#### Work request
Nothing but the lines from the one that contains "Entourage Use Your Illusion" to the end of the records should be printed, both ends included, exactly as given.

[Opening Dataset extract section]

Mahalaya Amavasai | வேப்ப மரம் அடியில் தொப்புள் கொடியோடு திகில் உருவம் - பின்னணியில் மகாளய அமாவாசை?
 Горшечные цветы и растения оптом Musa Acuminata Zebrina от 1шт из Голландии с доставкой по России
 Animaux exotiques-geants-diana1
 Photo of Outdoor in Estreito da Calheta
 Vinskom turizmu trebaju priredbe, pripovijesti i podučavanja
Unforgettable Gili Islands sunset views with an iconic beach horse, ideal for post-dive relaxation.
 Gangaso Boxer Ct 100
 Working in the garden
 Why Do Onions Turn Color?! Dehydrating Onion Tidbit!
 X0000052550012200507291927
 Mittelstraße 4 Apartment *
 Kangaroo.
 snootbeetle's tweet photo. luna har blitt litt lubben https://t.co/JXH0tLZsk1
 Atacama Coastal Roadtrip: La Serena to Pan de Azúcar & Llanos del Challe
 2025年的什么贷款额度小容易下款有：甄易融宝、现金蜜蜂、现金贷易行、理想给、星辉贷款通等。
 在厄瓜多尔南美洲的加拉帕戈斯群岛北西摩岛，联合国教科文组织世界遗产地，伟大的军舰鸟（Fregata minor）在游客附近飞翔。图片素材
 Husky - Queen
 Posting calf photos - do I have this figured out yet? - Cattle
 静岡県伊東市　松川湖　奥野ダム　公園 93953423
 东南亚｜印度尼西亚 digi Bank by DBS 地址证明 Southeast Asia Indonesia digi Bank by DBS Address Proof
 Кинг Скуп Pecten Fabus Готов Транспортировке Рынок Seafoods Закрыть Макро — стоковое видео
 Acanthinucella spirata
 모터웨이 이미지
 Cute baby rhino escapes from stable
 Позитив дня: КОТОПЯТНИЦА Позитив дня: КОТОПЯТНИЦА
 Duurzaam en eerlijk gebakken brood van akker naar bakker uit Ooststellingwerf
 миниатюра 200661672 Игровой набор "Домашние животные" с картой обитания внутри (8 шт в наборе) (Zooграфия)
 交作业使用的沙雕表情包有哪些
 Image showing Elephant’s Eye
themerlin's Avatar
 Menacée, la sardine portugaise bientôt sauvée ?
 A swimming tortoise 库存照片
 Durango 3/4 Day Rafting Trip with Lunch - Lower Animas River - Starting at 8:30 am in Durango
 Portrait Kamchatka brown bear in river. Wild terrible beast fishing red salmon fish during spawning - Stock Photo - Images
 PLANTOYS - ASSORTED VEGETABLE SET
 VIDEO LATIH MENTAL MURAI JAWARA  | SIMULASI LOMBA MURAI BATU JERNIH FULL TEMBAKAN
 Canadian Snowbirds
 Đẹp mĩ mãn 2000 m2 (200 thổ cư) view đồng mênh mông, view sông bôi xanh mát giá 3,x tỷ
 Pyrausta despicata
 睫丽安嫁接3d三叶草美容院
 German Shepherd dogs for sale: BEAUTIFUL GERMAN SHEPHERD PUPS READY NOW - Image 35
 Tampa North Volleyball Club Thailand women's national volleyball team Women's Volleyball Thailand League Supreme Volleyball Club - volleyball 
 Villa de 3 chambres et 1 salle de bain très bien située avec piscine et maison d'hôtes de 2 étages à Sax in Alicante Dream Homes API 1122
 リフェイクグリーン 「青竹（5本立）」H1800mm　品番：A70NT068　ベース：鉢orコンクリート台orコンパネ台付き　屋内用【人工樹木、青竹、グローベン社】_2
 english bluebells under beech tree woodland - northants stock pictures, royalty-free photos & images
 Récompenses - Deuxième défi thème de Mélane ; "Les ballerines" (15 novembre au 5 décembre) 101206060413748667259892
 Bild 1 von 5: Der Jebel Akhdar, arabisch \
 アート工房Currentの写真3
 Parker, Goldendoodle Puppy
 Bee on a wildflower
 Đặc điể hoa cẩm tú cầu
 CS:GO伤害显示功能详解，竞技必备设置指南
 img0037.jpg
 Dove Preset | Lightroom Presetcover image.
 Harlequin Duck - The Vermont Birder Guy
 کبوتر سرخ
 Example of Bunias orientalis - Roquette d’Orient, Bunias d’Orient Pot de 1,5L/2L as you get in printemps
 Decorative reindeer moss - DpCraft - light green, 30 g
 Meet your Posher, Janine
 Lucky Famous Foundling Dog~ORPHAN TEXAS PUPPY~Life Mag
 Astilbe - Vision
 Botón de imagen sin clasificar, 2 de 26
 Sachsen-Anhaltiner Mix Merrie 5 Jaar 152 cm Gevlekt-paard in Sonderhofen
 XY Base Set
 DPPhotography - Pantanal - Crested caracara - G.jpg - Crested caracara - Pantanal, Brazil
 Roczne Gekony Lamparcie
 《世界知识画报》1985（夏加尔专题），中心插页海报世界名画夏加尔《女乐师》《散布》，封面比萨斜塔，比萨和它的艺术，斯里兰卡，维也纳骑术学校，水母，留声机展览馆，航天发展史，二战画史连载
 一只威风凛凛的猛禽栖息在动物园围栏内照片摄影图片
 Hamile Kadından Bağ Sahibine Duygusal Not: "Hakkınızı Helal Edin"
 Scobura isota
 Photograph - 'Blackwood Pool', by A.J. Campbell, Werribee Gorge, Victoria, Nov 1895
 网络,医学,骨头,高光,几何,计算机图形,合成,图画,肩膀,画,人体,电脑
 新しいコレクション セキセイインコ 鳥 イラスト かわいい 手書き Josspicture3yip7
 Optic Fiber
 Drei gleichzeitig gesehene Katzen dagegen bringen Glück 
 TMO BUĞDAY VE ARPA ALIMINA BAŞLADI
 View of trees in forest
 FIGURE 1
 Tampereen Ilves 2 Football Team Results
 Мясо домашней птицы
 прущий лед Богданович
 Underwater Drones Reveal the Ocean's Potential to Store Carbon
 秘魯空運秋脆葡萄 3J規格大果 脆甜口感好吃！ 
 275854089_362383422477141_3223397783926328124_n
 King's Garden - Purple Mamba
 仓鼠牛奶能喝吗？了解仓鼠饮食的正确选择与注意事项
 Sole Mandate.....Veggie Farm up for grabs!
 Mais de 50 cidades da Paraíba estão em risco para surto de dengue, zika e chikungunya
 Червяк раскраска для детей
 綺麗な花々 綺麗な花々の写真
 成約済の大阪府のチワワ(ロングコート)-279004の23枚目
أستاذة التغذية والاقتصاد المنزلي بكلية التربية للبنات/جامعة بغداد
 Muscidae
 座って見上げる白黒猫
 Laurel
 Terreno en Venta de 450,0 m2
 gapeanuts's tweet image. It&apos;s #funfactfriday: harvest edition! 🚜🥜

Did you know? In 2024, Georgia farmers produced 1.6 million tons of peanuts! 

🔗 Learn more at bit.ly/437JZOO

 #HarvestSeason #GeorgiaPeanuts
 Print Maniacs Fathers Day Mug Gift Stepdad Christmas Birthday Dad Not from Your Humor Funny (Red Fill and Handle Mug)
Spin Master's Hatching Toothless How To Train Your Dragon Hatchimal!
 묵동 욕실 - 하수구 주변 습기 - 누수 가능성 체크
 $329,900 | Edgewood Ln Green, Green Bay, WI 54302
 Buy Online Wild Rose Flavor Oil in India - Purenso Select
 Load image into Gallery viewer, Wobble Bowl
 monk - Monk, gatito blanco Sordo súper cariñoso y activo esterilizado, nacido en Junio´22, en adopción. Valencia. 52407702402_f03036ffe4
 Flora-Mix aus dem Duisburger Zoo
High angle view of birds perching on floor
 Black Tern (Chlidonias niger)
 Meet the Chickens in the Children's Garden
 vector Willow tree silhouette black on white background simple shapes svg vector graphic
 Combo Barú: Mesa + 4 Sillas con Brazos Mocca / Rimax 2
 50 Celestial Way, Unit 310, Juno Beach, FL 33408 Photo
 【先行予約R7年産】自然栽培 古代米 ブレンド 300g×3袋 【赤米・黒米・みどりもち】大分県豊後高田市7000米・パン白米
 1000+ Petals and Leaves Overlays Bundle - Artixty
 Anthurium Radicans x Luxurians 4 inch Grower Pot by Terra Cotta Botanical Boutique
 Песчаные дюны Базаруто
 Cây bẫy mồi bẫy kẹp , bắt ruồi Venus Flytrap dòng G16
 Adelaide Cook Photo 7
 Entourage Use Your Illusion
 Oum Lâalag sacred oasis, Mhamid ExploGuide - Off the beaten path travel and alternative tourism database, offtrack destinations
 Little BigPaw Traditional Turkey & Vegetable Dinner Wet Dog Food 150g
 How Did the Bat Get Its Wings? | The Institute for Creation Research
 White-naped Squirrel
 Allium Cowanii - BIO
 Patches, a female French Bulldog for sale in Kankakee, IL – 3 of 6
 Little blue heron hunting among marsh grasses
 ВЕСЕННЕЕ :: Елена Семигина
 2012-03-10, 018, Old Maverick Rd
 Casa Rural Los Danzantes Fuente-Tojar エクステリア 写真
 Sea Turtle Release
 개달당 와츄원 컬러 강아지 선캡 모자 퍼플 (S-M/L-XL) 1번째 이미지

[Closing Dataset extract section]

#### Solution to this problem
 Entourage Use Your Illusion
 Oum Lâalag sacred oasis, Mhamid ExploGuide - Off the beaten path travel and alternative tourism database, offtrack destinations
 Little BigPaw Traditional Turkey & Vegetable Dinner Wet Dog Food 150g
 How Did the Bat Get Its Wings? | The Institute for Creation Research
 White-naped Squirrel
 Allium Cowanii - BIO
 Patches, a female French Bulldog for sale in Kankakee, IL – 3 of 6
 Little blue heron hunting among marsh grasses
 ВЕСЕННЕЕ :: Елена Семигина
 2012-03-10, 018, Old Maverick Rd
 Casa Rural Los Danzantes Fuente-Tojar エクステリア 写真
 Sea Turtle Release
 개달당 와츄원 컬러 강아지 선캡 모자 퍼플 (S-M/L-XL) 1번째 이미지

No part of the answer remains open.